TOP TIP: Keep it simple!

Lobster Recipes
Rounding off a crazy year, Australian grocery stores have been selling lobsters at steeply discounted prices in the weeks leading up to Christmas due to trade tensions with China. (Read more below.)
If you’ve been lucky enough to pick one up, here are 6 Lobster recipes you can make with them. All easy – and you’re likely to have everything to make at least one of these, if not two or three!

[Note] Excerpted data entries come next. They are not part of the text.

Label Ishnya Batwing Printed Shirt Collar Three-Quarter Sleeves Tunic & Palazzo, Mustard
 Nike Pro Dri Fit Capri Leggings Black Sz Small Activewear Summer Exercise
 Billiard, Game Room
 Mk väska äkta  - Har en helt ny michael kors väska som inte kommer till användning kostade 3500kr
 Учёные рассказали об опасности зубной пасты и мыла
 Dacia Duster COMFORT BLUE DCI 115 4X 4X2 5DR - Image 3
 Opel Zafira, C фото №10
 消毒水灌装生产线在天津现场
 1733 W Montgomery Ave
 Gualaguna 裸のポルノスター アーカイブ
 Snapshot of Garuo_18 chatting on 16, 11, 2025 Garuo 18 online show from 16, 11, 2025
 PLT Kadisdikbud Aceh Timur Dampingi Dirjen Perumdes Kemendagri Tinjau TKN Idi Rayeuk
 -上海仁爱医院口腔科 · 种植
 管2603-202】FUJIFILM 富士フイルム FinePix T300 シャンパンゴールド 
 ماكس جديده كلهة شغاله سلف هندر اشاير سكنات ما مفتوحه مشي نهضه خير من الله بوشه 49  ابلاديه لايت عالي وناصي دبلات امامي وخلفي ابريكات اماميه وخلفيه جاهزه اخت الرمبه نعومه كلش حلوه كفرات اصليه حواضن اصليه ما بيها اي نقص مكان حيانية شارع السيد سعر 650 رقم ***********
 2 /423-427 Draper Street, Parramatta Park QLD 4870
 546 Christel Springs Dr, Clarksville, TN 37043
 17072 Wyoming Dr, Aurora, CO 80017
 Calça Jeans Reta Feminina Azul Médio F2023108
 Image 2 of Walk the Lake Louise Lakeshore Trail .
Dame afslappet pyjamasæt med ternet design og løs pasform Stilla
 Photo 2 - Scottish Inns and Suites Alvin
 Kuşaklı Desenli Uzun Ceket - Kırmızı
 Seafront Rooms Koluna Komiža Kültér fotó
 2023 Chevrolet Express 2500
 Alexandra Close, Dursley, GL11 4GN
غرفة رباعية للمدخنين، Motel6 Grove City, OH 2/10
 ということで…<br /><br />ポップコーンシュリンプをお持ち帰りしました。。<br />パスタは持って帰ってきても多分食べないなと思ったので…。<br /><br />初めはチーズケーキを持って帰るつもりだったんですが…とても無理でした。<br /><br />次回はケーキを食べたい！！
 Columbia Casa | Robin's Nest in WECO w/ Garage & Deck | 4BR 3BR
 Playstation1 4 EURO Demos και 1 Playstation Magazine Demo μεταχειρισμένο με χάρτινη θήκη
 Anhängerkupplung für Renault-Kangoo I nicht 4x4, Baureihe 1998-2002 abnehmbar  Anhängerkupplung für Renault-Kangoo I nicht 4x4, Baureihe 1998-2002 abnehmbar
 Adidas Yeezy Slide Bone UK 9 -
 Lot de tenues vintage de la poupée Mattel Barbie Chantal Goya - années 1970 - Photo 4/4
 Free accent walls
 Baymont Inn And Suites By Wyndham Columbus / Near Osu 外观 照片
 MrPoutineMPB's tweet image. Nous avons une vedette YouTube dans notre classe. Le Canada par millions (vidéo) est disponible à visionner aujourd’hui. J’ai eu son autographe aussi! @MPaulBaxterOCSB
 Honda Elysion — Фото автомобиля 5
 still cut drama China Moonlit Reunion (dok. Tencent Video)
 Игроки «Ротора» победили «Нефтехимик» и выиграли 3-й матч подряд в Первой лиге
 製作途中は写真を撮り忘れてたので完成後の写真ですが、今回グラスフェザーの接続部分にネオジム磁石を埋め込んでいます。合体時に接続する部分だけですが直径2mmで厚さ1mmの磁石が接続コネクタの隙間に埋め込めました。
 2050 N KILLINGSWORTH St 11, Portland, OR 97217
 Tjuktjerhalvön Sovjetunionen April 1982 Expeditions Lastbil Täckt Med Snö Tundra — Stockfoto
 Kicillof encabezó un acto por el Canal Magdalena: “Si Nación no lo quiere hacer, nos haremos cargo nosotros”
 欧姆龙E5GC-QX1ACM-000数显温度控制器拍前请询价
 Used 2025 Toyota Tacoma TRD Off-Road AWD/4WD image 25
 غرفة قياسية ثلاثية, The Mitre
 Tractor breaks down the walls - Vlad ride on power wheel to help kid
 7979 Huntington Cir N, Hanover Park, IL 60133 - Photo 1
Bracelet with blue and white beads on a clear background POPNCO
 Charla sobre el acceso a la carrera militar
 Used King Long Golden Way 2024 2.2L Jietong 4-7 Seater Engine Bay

These are COOKED lobster recipes
This post specifically contains recipes for cooked lobsters and crayfish, not raw, because the discounted lobsters that spurred this post came cooked.
There’s a broader variety of preparation options for raw lobster which are not covered in this post.
Best way to prepare and serve cooked lobster
If you buy lobster already cooked, it’s best not to cook it again to preserve the flavour and not risk overcooking it. It is a plain fact that freshly cooked raw lobster is juicier and has better flavour than buying one already cooked, a factor that contributed to the steep discounts.
So the range of recipes that pre-cooked lobster can be used for is more limited.
In order to retain the best lobster flavour, do not cook it and do not overpower it with strong sauces or garnishes. Just serve it with a simple sauce – such as a garlic butter sauce or Rose Marie Sauce. Plate it up shared style on a platter, or as an elegant individually plated starter!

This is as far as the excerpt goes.